When I parse this I'm getting

[%{operation: [:MOV, [:REGISTER, 1], [:REGISTER, 2]]},
  %{operation: [:JMP, [:CONST, :hello]]}]

But I want every operation to have line number in order to get meaningful errors further in code.

So I changed my parser to this:

Nonterminals
code statement operation value.

Terminals
label identifer integer ',' opcode register address address_in_register line_number.

Rootsymbol code.

code -> line_number statement      : [{get_line('$1'), '$2'}].
code -> line_number statement code : [{get_line('$1'), '$2'} | '$3'].
%code -> statement      : ['$1'].
%code -> statement code : ['$1' | '$2'].

statement -> label     : #{'label' => label('$1')}.
statement -> operation : #{'operation' => '$1'}.

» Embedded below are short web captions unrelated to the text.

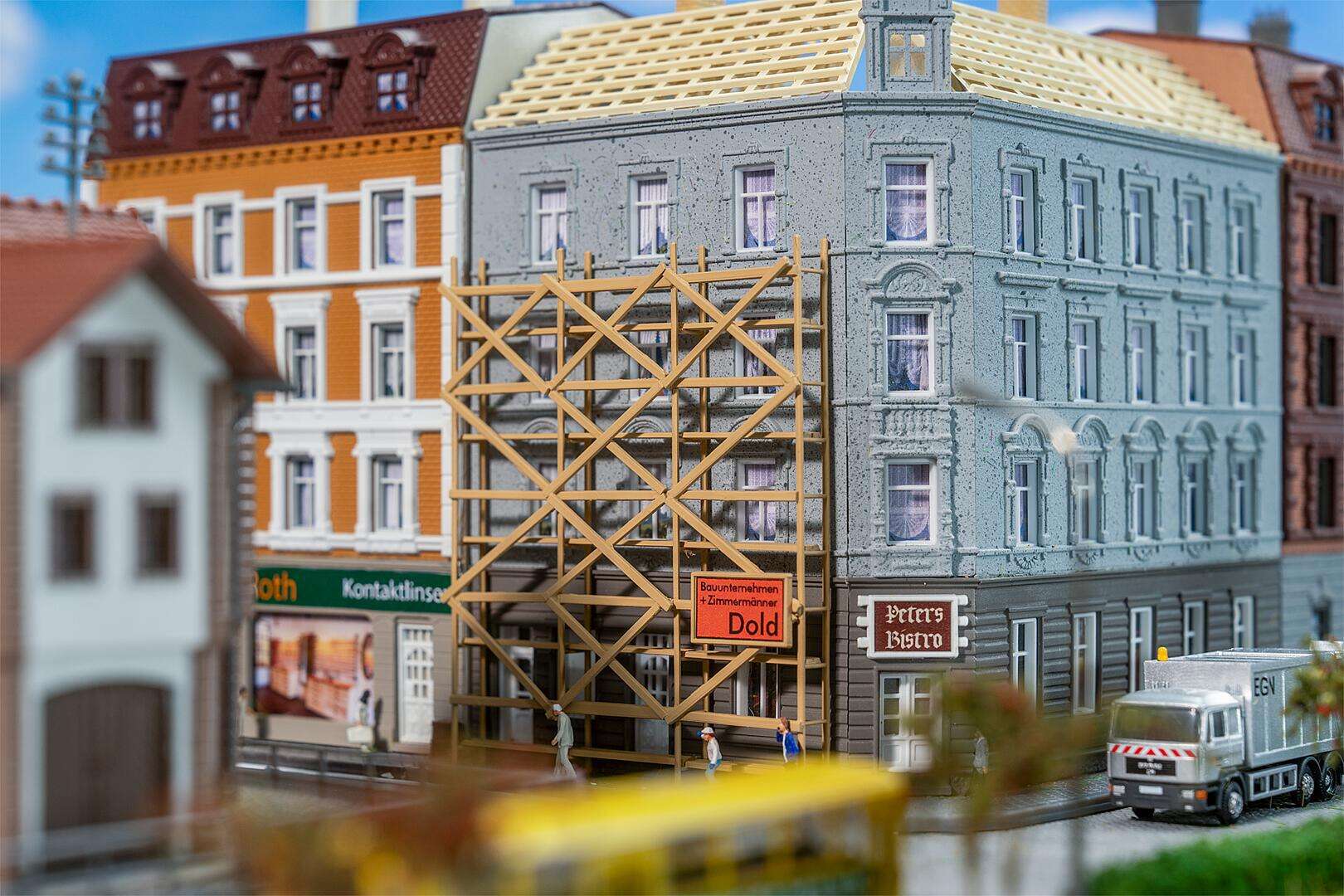 Townhouse under reconstruction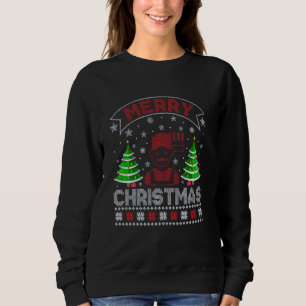 Sudadera Hombres de iluminación de árbol de navidad mujeres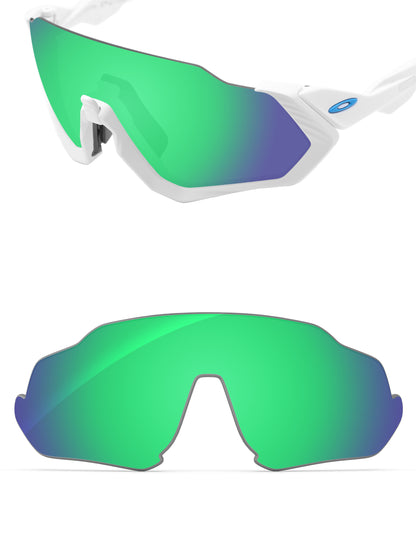 Emerald Green FlashMirror™-Non-Polarized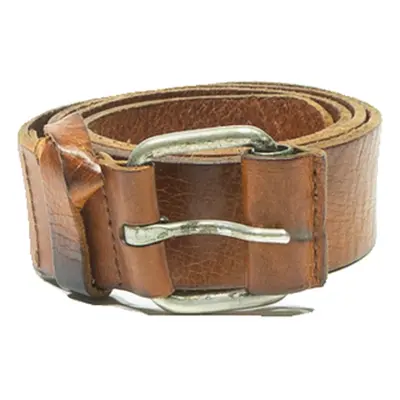 Mens Belt Brown Leather 43
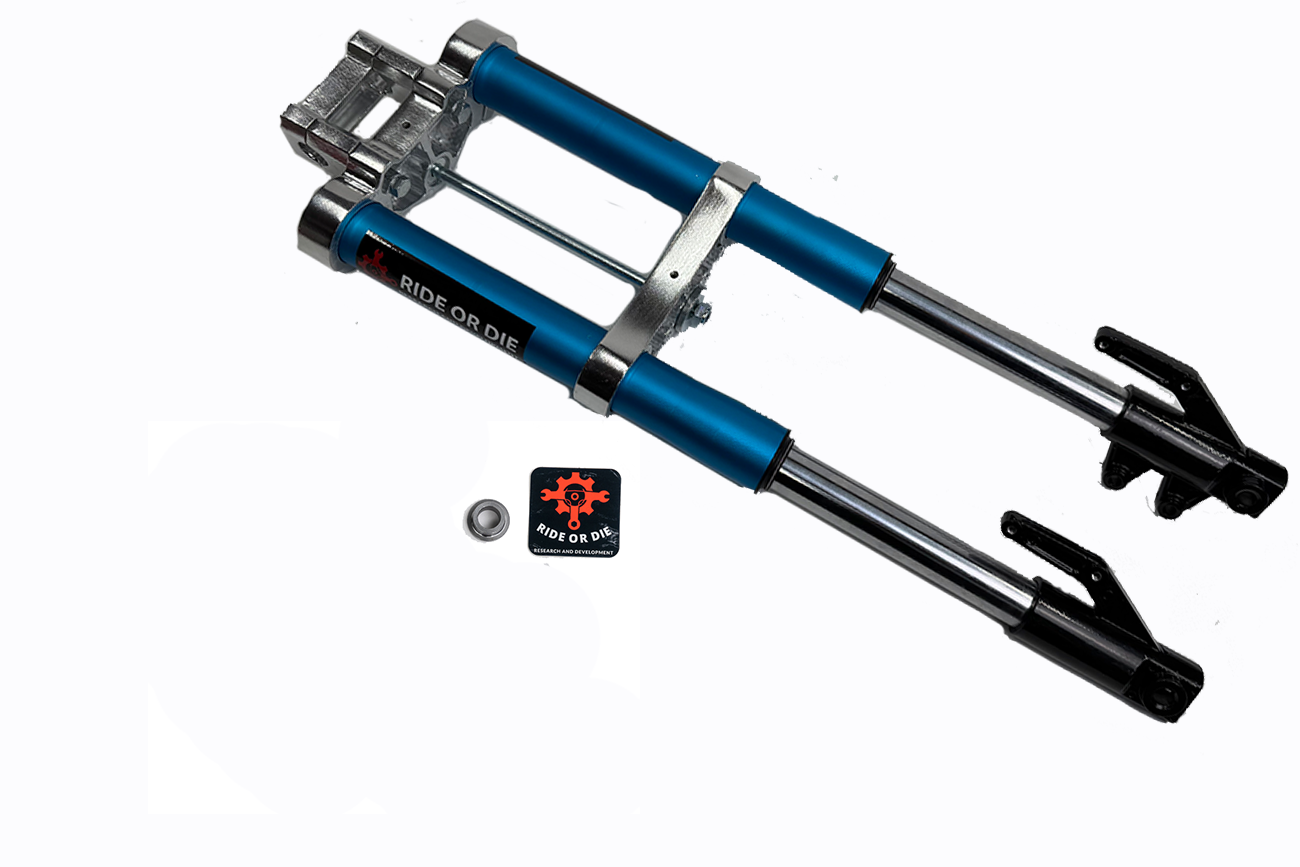 Razor MX/SX/RSF Fork Fully Bolt-On Suspension Upgrade Kit Ride or Die R&D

operation -> opcode value ',' value : [operation('$1'), '$2', '$4'].
operation -> opcode value           : [operation('$1'), '$2'].
operation -> opcode identifer       : [operation('$1'), value('$2')].
operation -> opcode                 : [operation('$1')].

value -> integer  : value('$1').
value -> register : value('$1').
value -> address  : value('$1').
value -> address_in_register : value('$1').

Erlang code.
get_line({_, Line, _})                 -> Line.

operation({opcode, _, OpcodeName})     -> OpcodeName.

label({label, _, Value})               -> Value.

value({identifer, _, Value})           -> ['CONST', Value];
value({integer, _, Value})             -> ['CONST', Value];
value({register, _, Value})            -> ['REGISTER', Value];
value({address, _, Value})             -> ['ADDRESS', Value];
value({address_in_register, _, Value}) -> ['ADDRESS_IN_REGISTER', Value].

(commented code is old, working rule)

Now I'm getting {:error, {1, :assembler_parser, ['syntax error before: ', ['\'MOV\'']]}}

After providing same input. How to fix this?

1

There are 1 answers

1
José Valim On BEST ANSWER

My suggestion is to keep the line numbers in the tokens and not as separate tokens and then change how you build the operations.

So I would suggest this:

operation -> opcode value ',' value : [operation('$1'), line('$1'), '$2', '$4'].
operation -> opcode value           : [operation('$1'), line('$1'), '$2'].
operation -> opcode identifer       : [operation('$1'), line('$1'), value('$2')].
operation -> opcode                 : [operation('$1'), line('$1')].

line({_, Line, _}) -> Line.

Or even this if you want to mirror Elixir AST:

operation -> opcode value ',' value : {operation('$1'), meta('$1'), ['$2', '$4']}.
operation -> opcode value           : {operation('$1'), meta('$1'), ['$2']}.
operation -> opcode identifer       : {operation('$1'), meta('$1'), [value('$2')]}.
operation -> opcode                 : {operation('$1'), meta('$1'), []}.

meta({_, Line, _}) -> [{line, Line}].